Provided records:

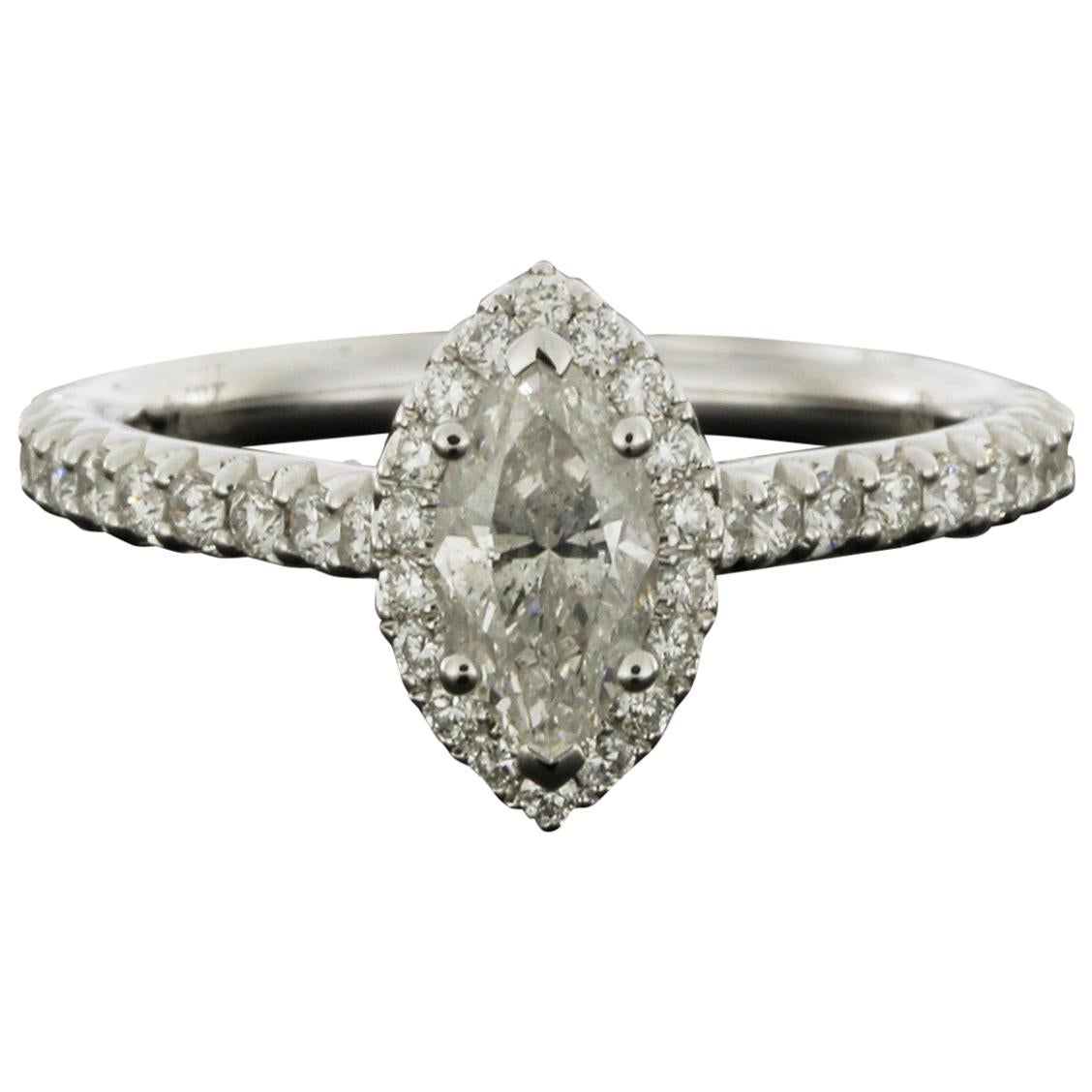 White Gold 1.25 Carat Marquise Diamond Halo Engagement Ring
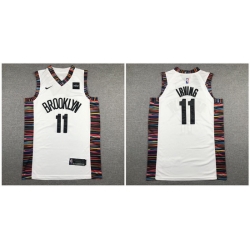 Nets 11 Kyrie Irving White City Edition Nike Authentic Jersey
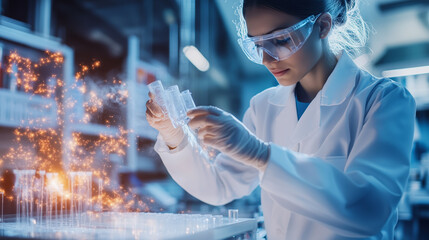 Poster - scientist conducts experiment with test tubes in a modern laboratory during the evening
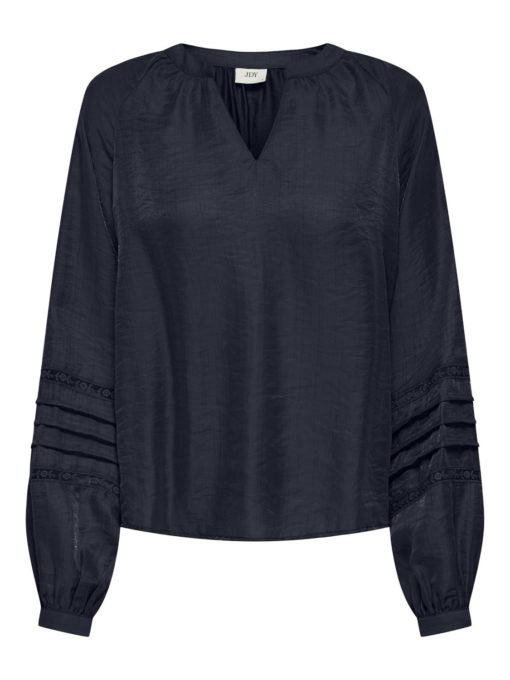 JDY Sully l/s Lace top, marineblå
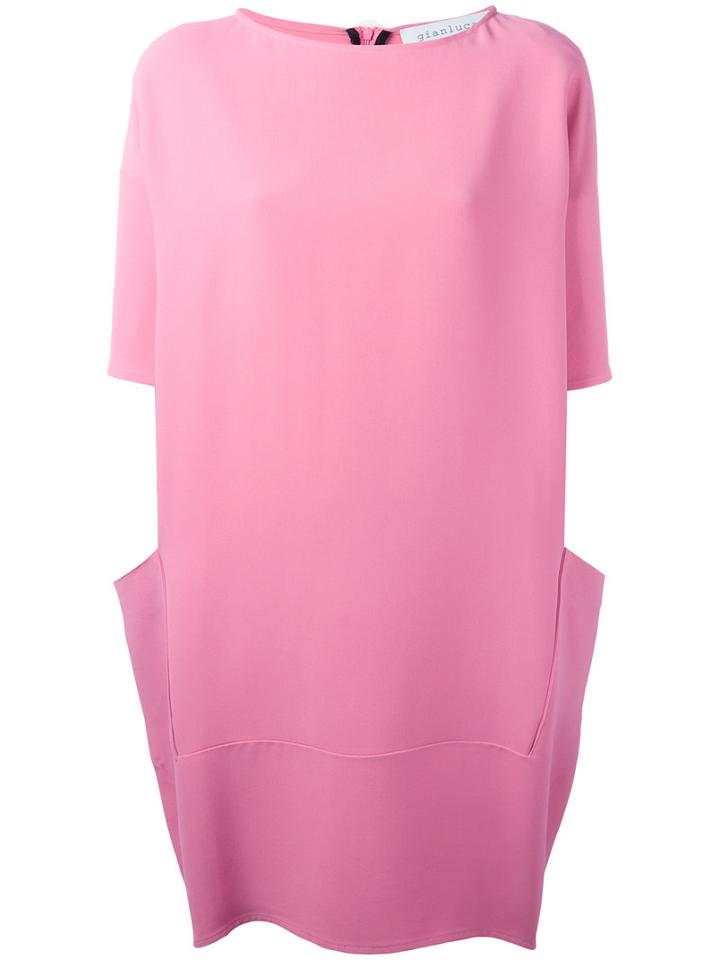 Gianluca Capannolo Draped Back Shift Dress, Women's, Size: 44, Pink/purple, Viscose/acetate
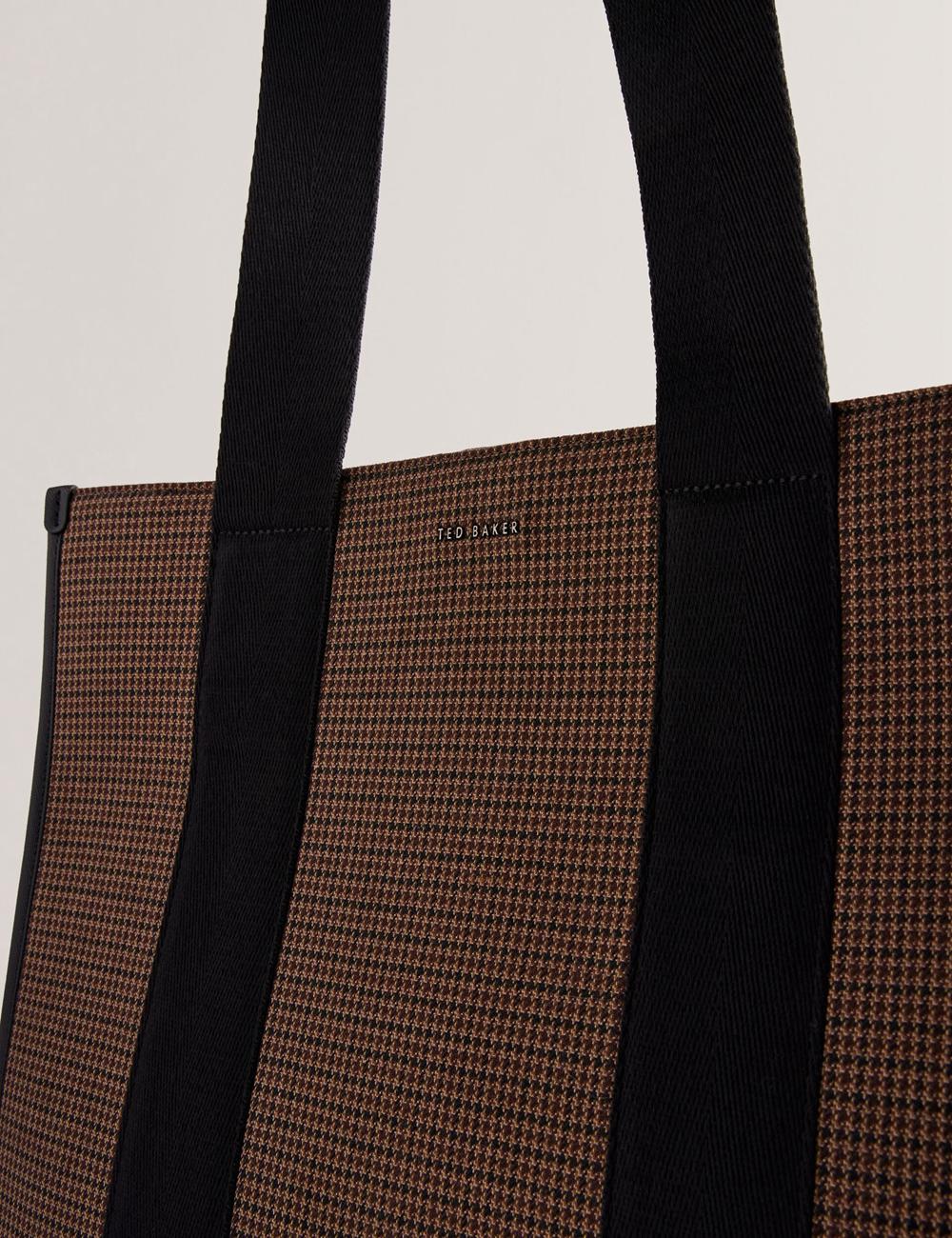 Men Ted Baker MALLICK - Check Wool Blend Tall Tote Bags Black | India  NULY-75412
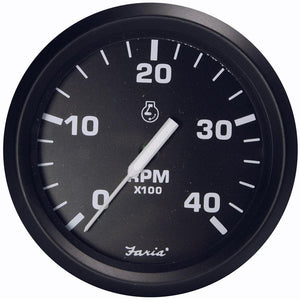 Faria Euro Black 4" Tachometer - 4000 RPM (Diesel - Magnetic Pick-Up) - TRAPSKI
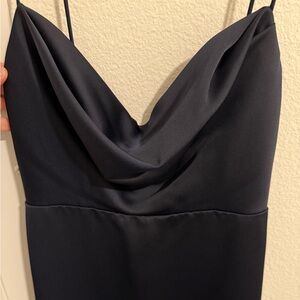 Anthropologie Satin Dark Blue Maxi Dress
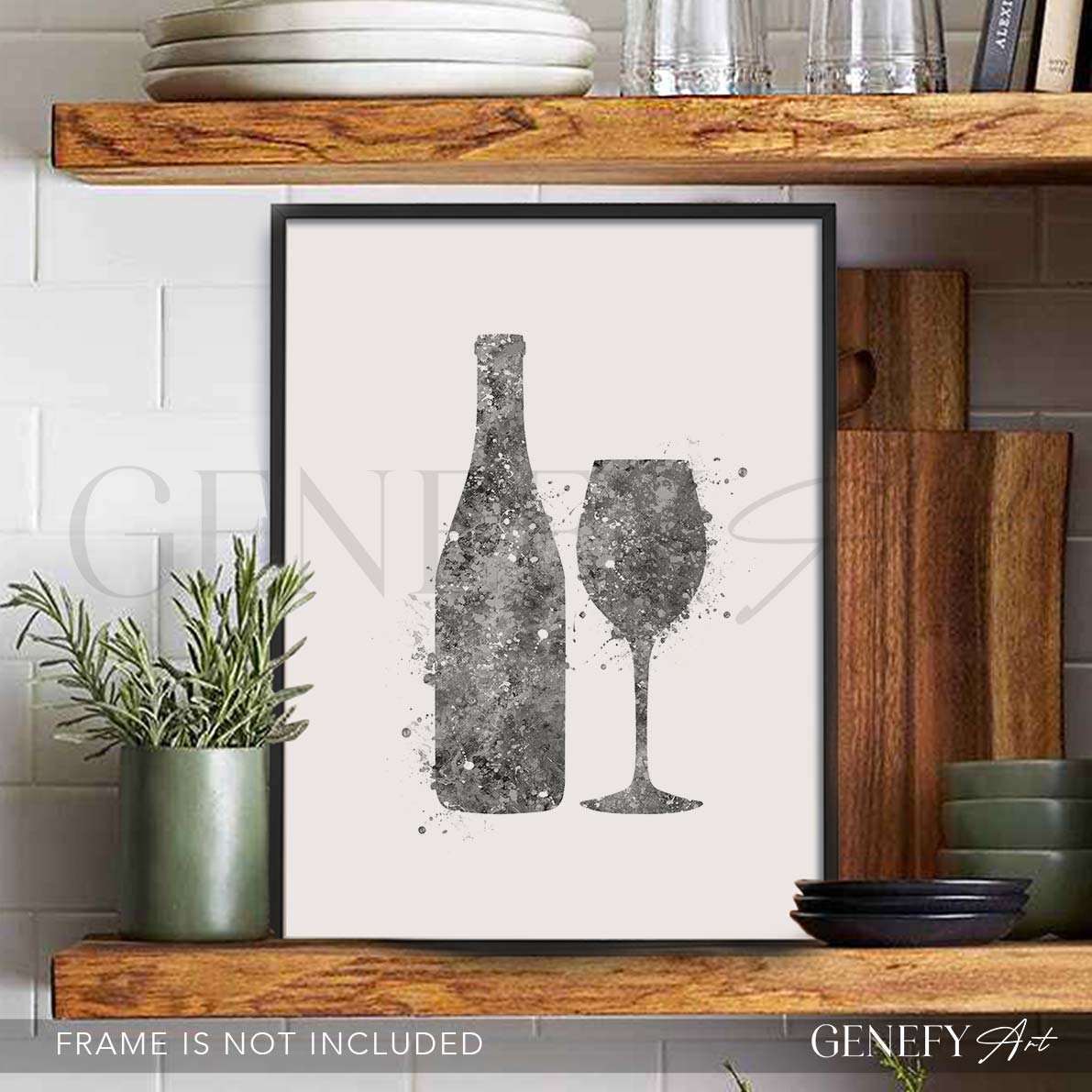 Wine Glass and Bottle Watercolour Print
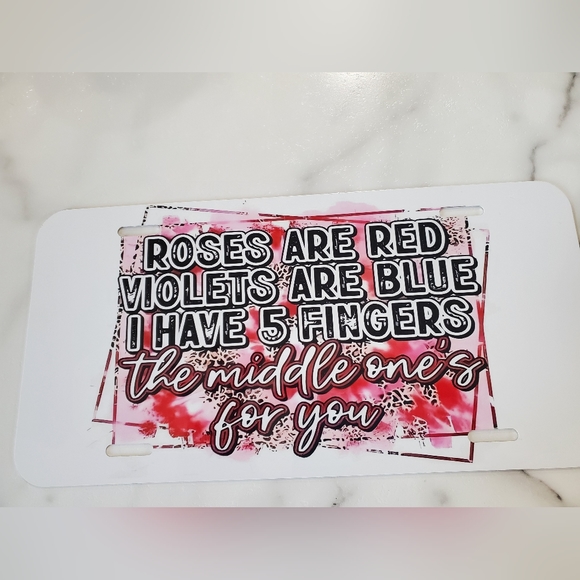 I have 5 fingers the middle one's for you License Plate - Picture 1 of 4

Problem requirements: With the pictures removed, write out exactly the lines from the line containing "Anthropologie Satin Dark Blue Maxi Dress" through the last line of the material above, both included.

Exercise response:
 Anthropologie Satin Dark Blue Maxi Dress
 Wine Glass and Bottle Watercolour Print
 I have 5 fingers the middle one's for you License Plate - Picture 1 of 4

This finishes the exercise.